# New England IPA



## UsernameTaken (22/5/17)

They say the New England IPA is everywhere these days, but I see little evidence of it?

There seems to be no mention of the style here Beer Styles forum and I see little to none of it in my local craft beer bottle shops?

What I have tasted I have really liked, so I would like to know more about how to make it and where to buy it?

I had the Hop Nation Jedi Juice at GABS in Melbourne on the weekend and it was by far my standout favourite of the festival!

Cheers,
UNT


----------



## Motabika (22/5/17)

Hargreaves Hill have just done one being sold in bottles, Bacchus have also done one. It's everywhere in the states we are usually a year or so behind.

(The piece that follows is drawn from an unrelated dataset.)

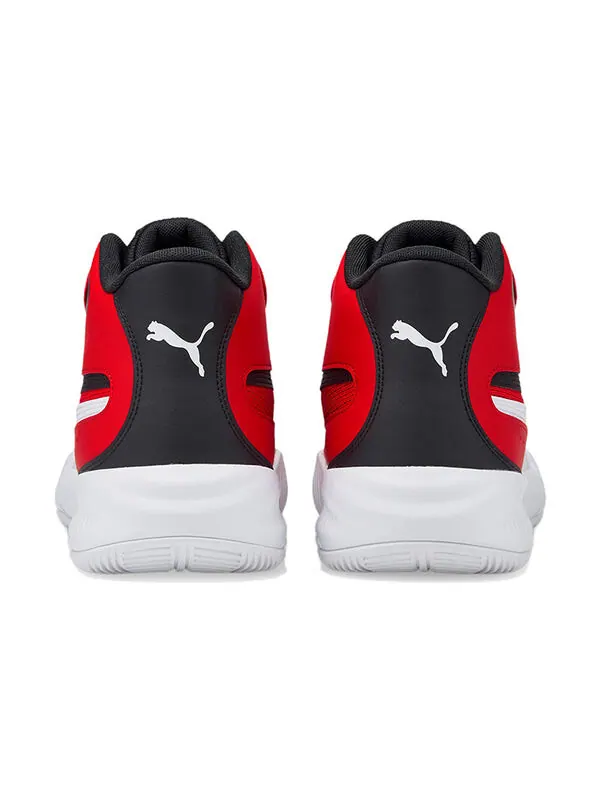 Кроссовки triple mid 'high risk red black' Puma — изображение 4 из 4, красный/черный/белый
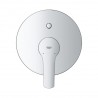 Grohe QuickFix Start vaňová batéria, pod omietku, s telesom pre 2 odberné miesta, chróm, 23558002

I'm not really interested in cloudy and chewy beer. Give me a on point West Coast IPA any day


----------



## UsernameTaken (22/5/17)

Hop Nation Jedi Juice was not too cloudy or chewy just bright hoppy awesomeness!


----------



## droid (22/5/17)

A little OT, I'm loving my Session NEIPA style, pils, carapils, Munich, acidulated, oats
It's light, cloudy, fruity and punchy - not much to not like, no heavy malt around 4.8%

I think the cloudiness is a mixture of things, one being that part of the dry-hopping is done while the beer is still fermenting, one is the second dry hop, another is oats to round out the mouthfeèl from all the hops

I think some do not use finings and use English yeast

Good onya for getting into it I think it's feckin awesomeness in a glass


----------



## Liam_snorkel (22/5/17)

I had a crack at brewing one, it turned out great. Was hazy but not murky & turbid like some that you see on social media from the US. If I'd left out the whirlfloc I suppose it would have been. Bitterness was nowhere near 100 IBU, that's just brewmate not accounting properly for late hops.

here was my attempt:

Recipe Specs
----------------
Batch Size (L): 23.0
Total Grain (kg): 6.000
Total Hops (g): 420.00 (blaze it)
Original Gravity (OG): 1.060 (°P): 14.7
Final Gravity (FG): 1.015 (°P): 3.8
Alcohol by Volume (ABV): 5.89 %
Colour (SRM): 3.9 (EBC): 7.7
Bitterness (IBU): 99.6 (Average - No Chill Adjusted)
Brewhouse Efficiency (%): 75
Boil Time (Minutes): 60

Grain Bill
----------------
5.000 kg Pale Malt (83.33%)
1.000 kg Flaked Oats (16.67%)

Hop Bill
----------------
30.0 g Cascade Pellet (6.5% Alpha) @ 30 Minutes (Boil) (1.3 g/L)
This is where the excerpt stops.